I have been to the Amazon once. It was an exciting time. As I flew from Sao Paulo towards Manaus, I was watching the scenery below. The green area went on and on, without any break, no artificial constructs in sight. I was an awe-inspiring experience. I wonder how much of that green vastness has been destroyed, but there must be pretty much still left.

In the city of Manaus I visited the famous opera house and the market. In the market, I had a mixed fruit juice the like of which I had never tasted, and had not encountered ever since. It is somehow hard to describe the qualia, but you felt that there were "molecules of vitality" in every sip you took from the glass.

I stayed in Manaus area for only two nights. On the second day, I went on a river tour. A boat took me to a floating house on the shore of the Amazon river. I slept on the hammock and looked at butterflies and it was almost like a dreamtime. As a kid, I always wanted to go to the Amazon. It was my precious dreams-come-true experience.

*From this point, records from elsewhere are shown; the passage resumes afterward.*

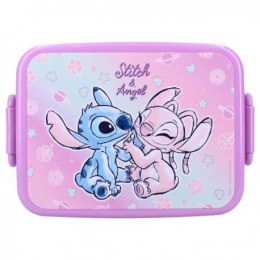 Śniadaniówka, lunch box, stitch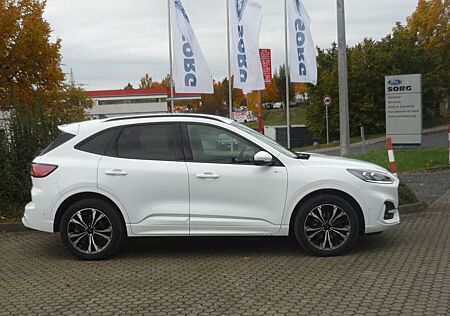 Ford Kuga Plug-In Hybrid ST-Line X
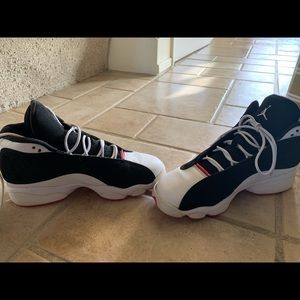 Air Jordan 13 Retro GG HYPER PINK Sneakers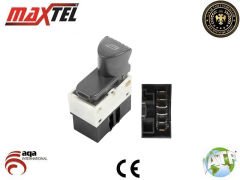 CAM KALDIRMA ANAHTARI IVECO STRALIS TEKLİ SAĞ 6 PI...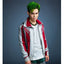 Ryan Potter Titans  Fleece Jacket
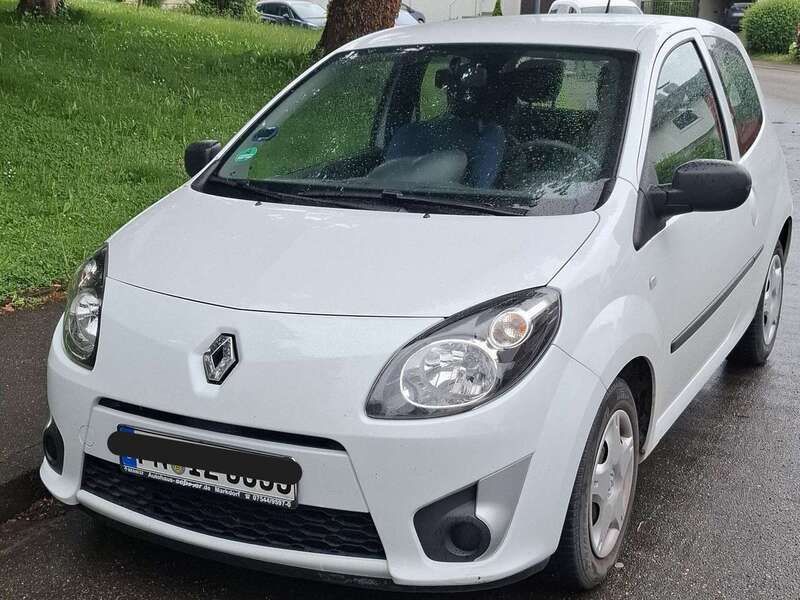 Gebraucht 2011 Renault Twingo Authentique Kleinwagen | 4.300 € (Fairer Preis) - Bild 1/2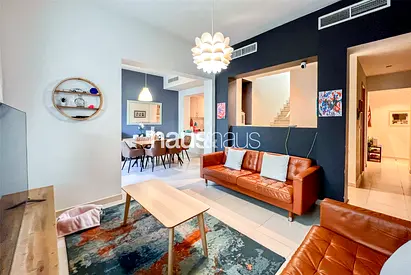 Type-E Layout | Vacant Sept 26 | Close to Park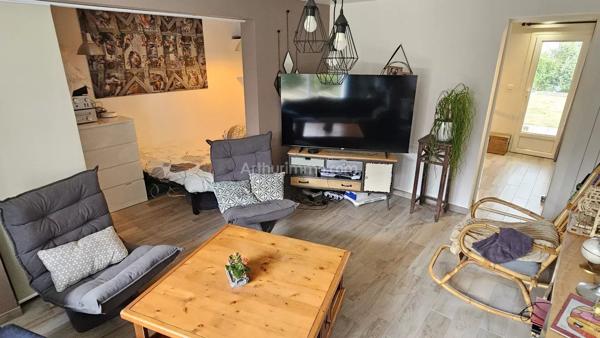 Vente                                                      Maison
                        
                     8 pièces                      147 m2                     à Cagny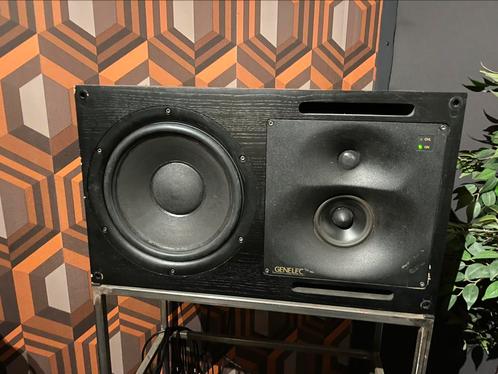 Genelec 1037A, Muziek en Instrumenten, Overige Muziek en Instrumenten, Gebruikt, Ophalen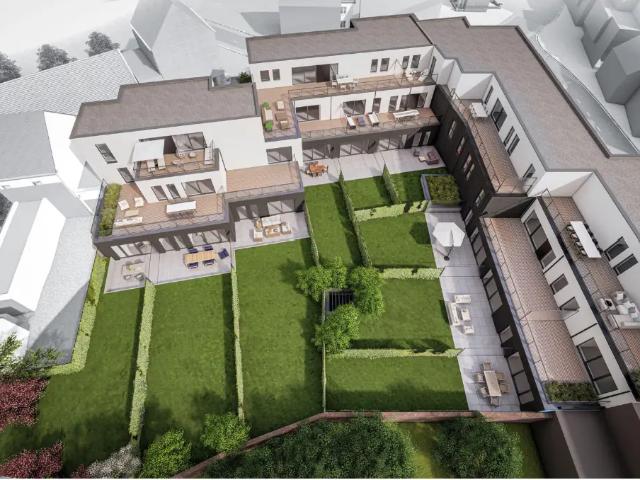 Appartement vente à Haaltert, Oost-Vlaanderen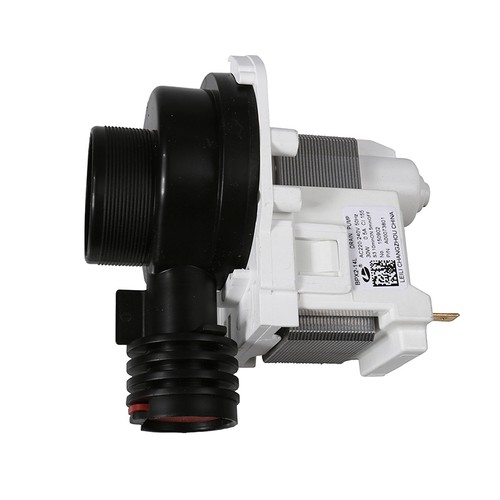 Zanussi dishwasher drain pump - drain,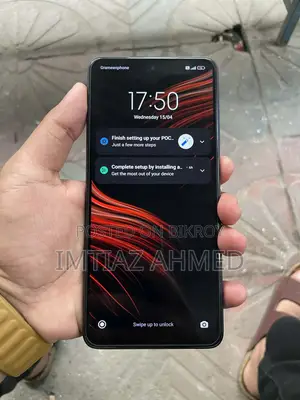 Poco X3 (ব্যবহৃত)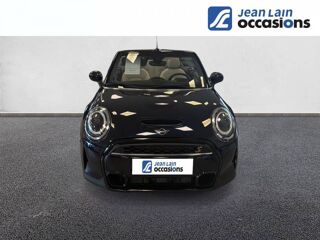 Cooper Cabriolet S 178 ch DKG7 Edition Premium Plus 2023 occasion 69200 V&eacute;nissieux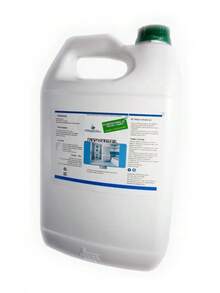 Descaler For Pipes And Water Tanks 4 L - Liquid - View 1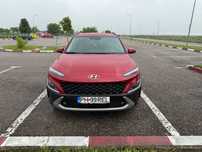 Hyundai KONA/ Unic proprietar/ 1.0 T-GDI 2WD Highway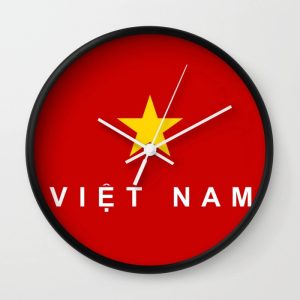 Việt Nam thuộc múi giờ thứ mấy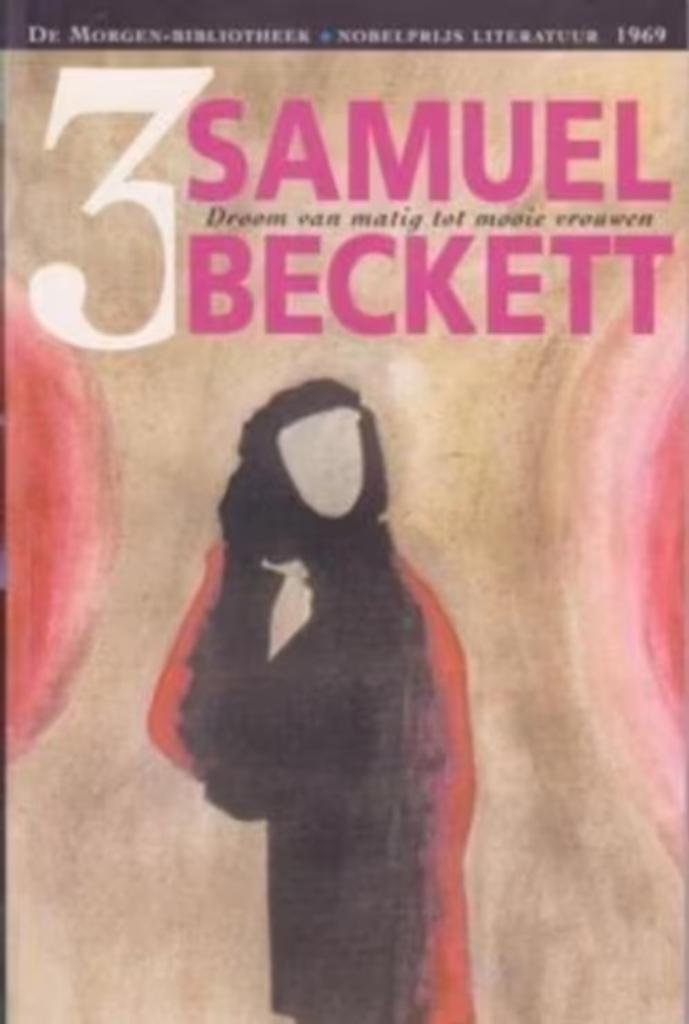 De Morgen-bibliotheek / Nobelprijs literatuur / 4 boeken, Boeken, Ophalen of Verzenden, Zo goed als nieuw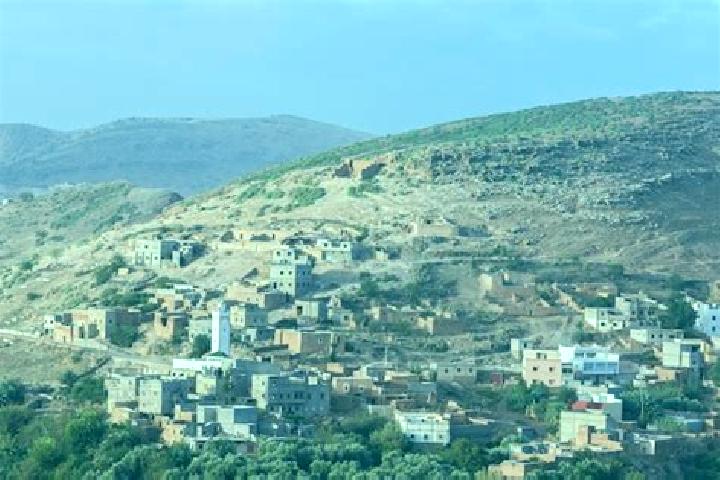 Escorts Bzou, Morocco — Local Companions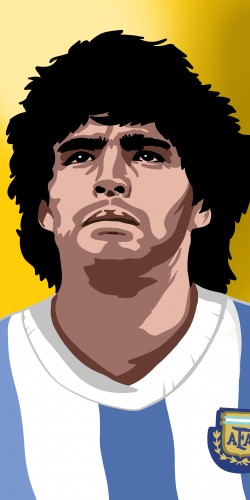 Coque Maradona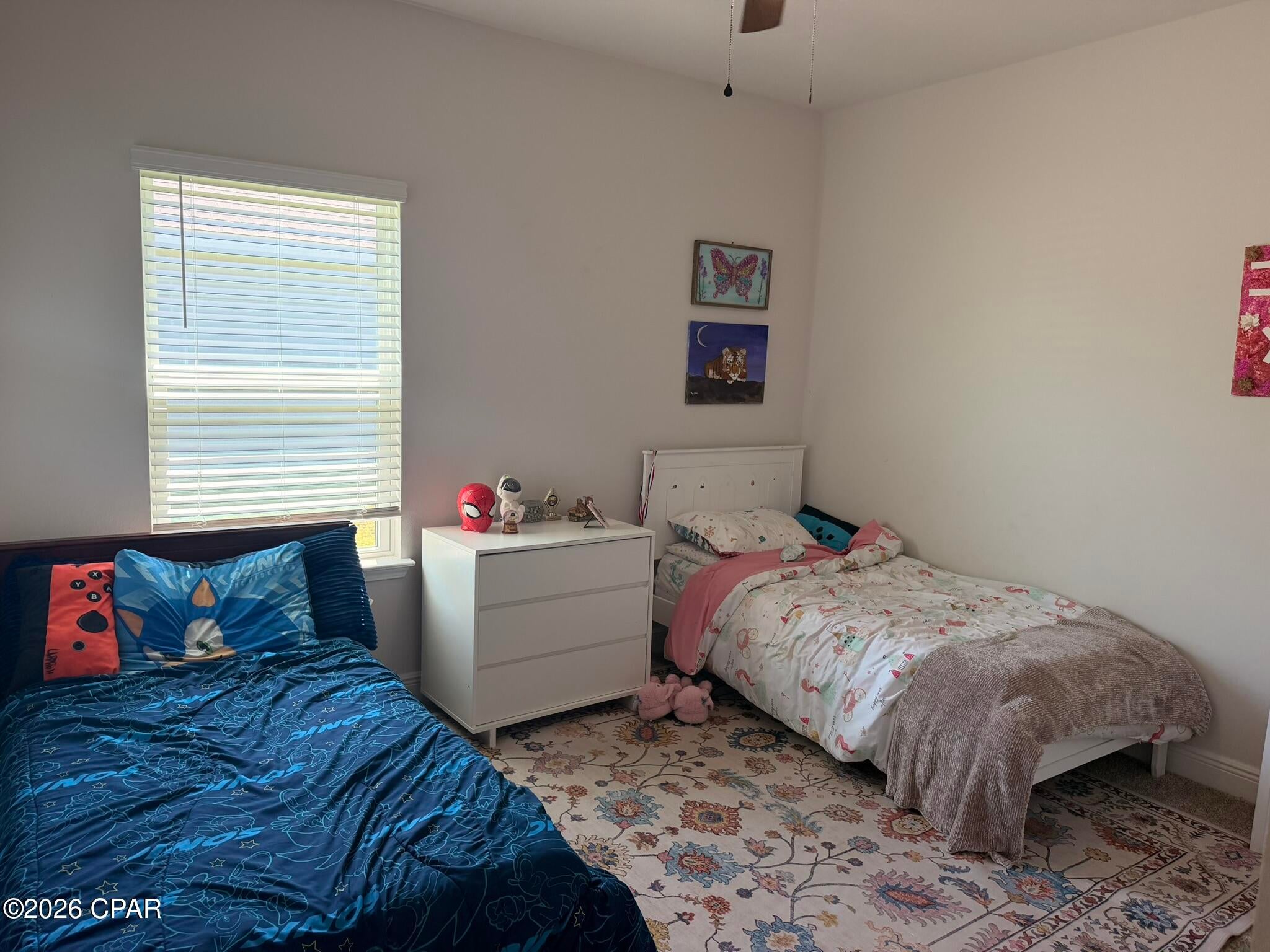 [No Recorded Subdiv] - Residential Lease
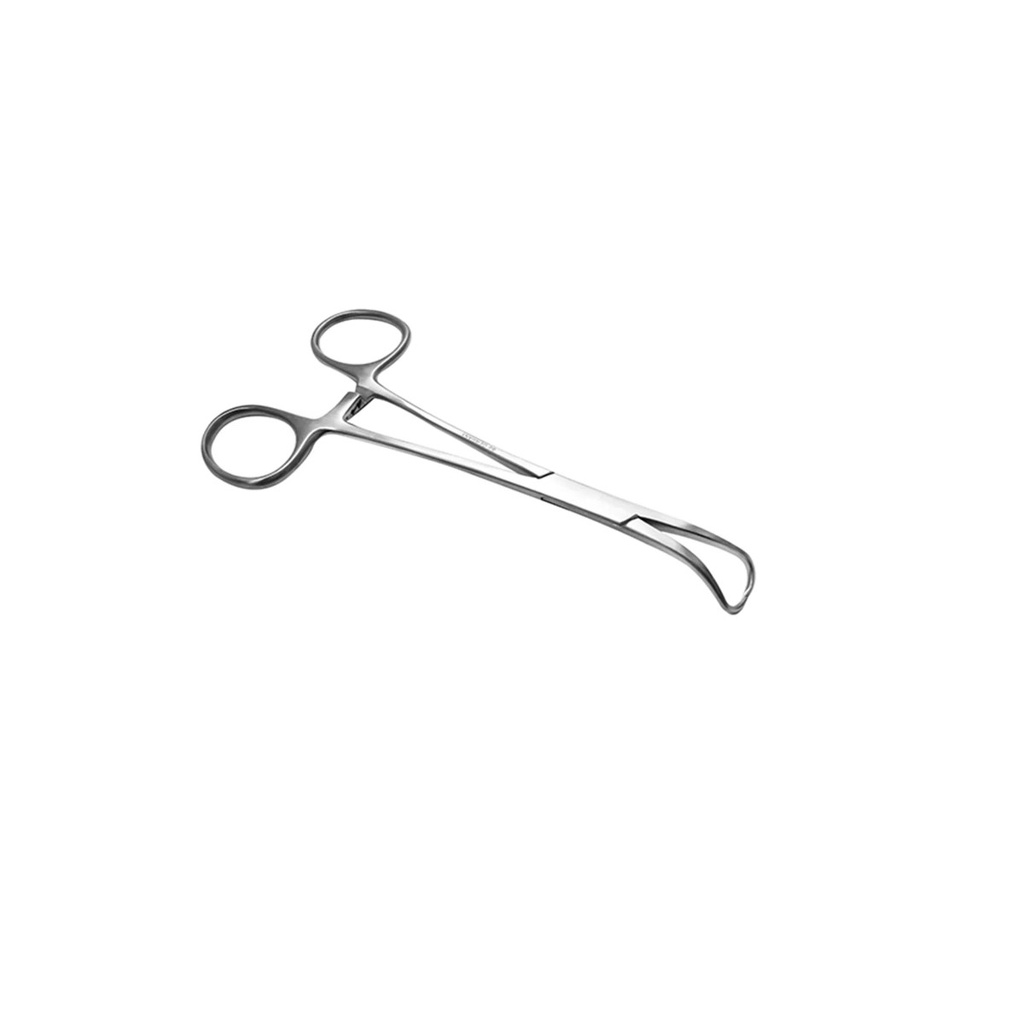 PINZA CAMPO BACKHAUS 9 CMS HP 5-41-5
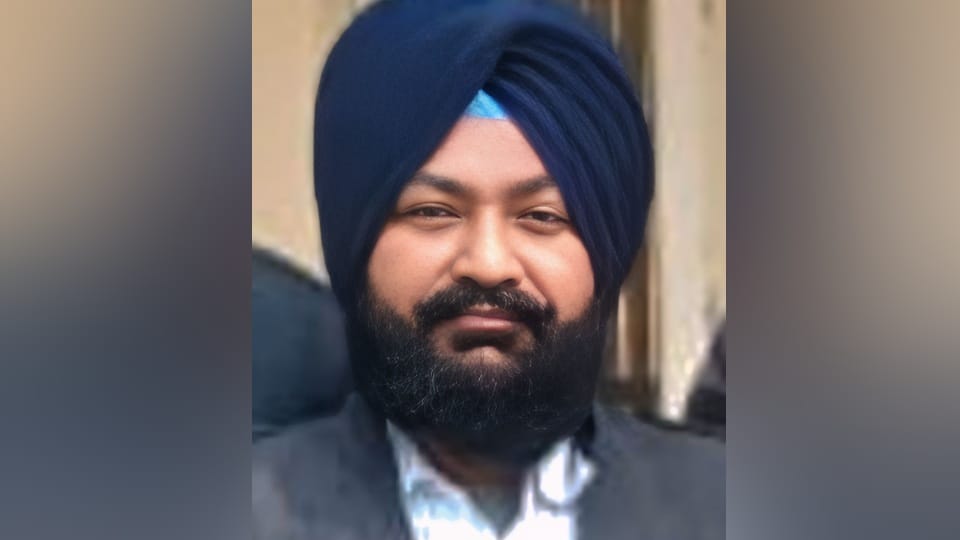 Son murdered his father in Fatehgarh Sahib becouse father-in-law had been eyeing his daughter-in-law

The highlight of this very small Amazon venture, at that particular visit, was the "hunting of alligators" in the middle of the night. As night fell, there was complete darkness, as no artificial light source was around. We were put on a small boat and set on a cruise on the great river. There was no sound to be heard except for the engine. We went into one of the branch flows, and the engine was cut off. There was complete silence, and the boat cruised on very smoothly by momentum.

The tour guide took out a flashlight, and directed it to the shores. After some searching, he spotted it. There were this barely discernible pair of "gleaming round pebbles" on the shore. As the boat silently approached, the gleaming became increasingly strong, and before you knew it, the guide stretched out his arms and the next moment, a small alligator was hung by the tail in his hands. We helpless people from the north applauded, secretly admiring the swiftness of the guide's actions, which looked almost miraculous and done by what appeared to us wild instinct, enjoying from the depth of heart the whole experience.

As the boat made its way back to the floating house, a feeling of bliss surged inside me. We were buried in the soft darkness, and when I looked up, I could see the sky-filling stars. I discovered then that the phrase "becoming one with nature" was a very accurate and literal expression of what actually happens under certain circumstances.

That was then, this is now. I am stuck in the megalopolis of Tokyo. I haven't been to Amazonia for more than 10 years.